● **PROMPT**: Beginning with the first line, return the material verbatim and without pictures.

● **PROVIDED MATERIAL**:
○ ○ ○
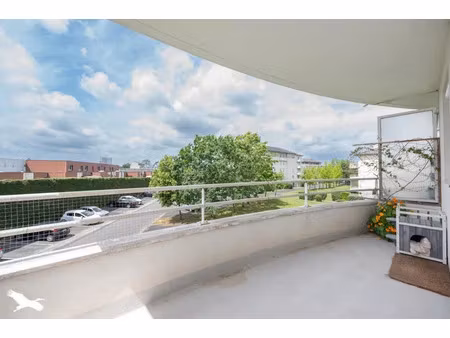 vente appartement 4 pièces 92 m² orvault (44700)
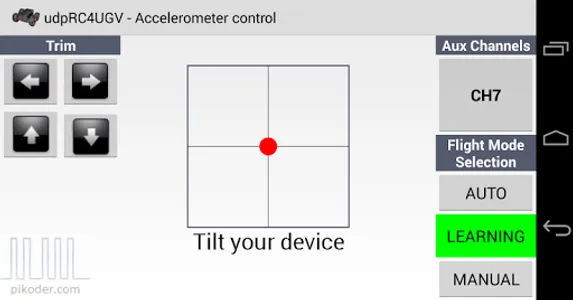 udpRC4UGV screenshot 2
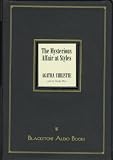 The Mysterious Affair at Styles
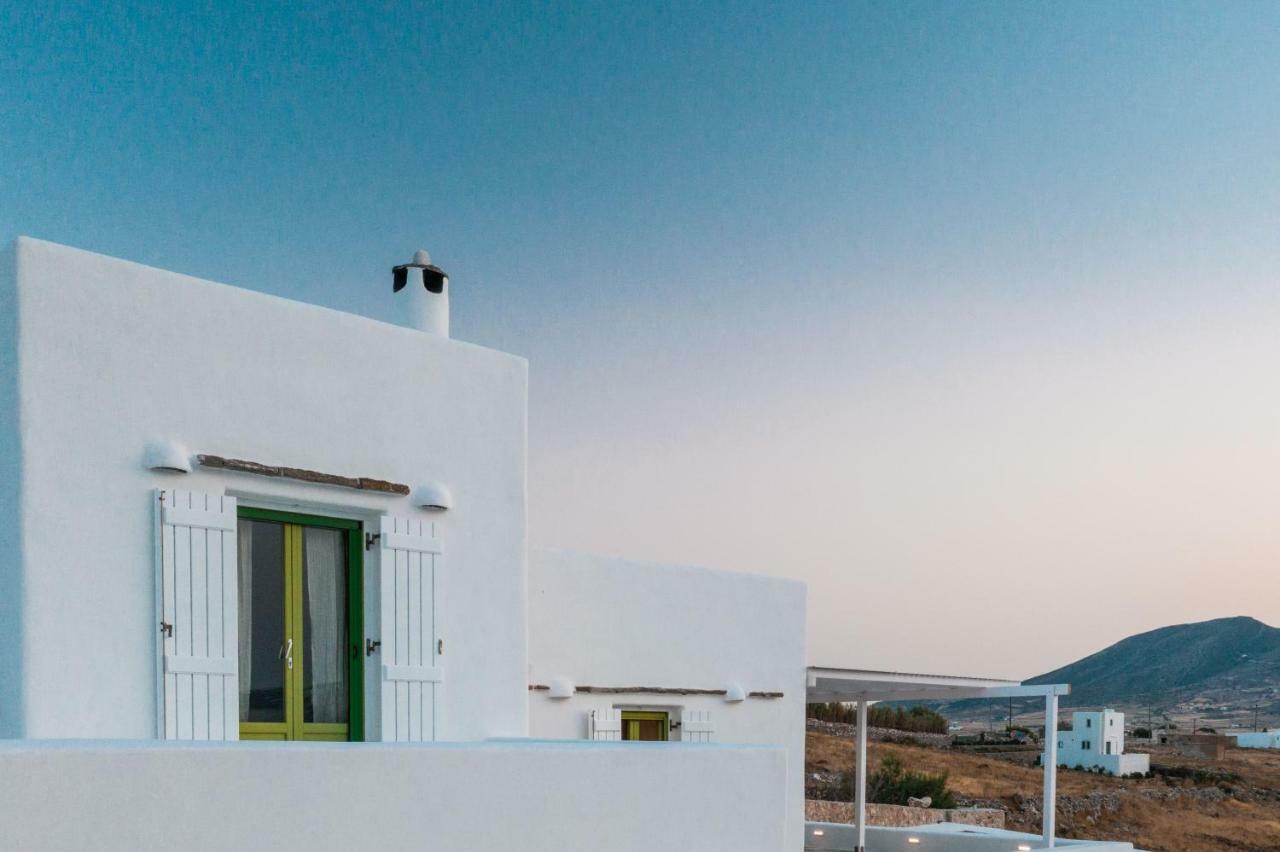 Ventu Paros Villa Márpissa 외부 사진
○ ○ ○
● **SOLUTION FOR THIS PROBLEM**:
 vente appartement 4 pièces 92 m² orvault (44700)
 udpRC4UGV screenshot 2
 The Mysterious Affair at Styles
 Ventu Paros Villa Márpissa 외부 사진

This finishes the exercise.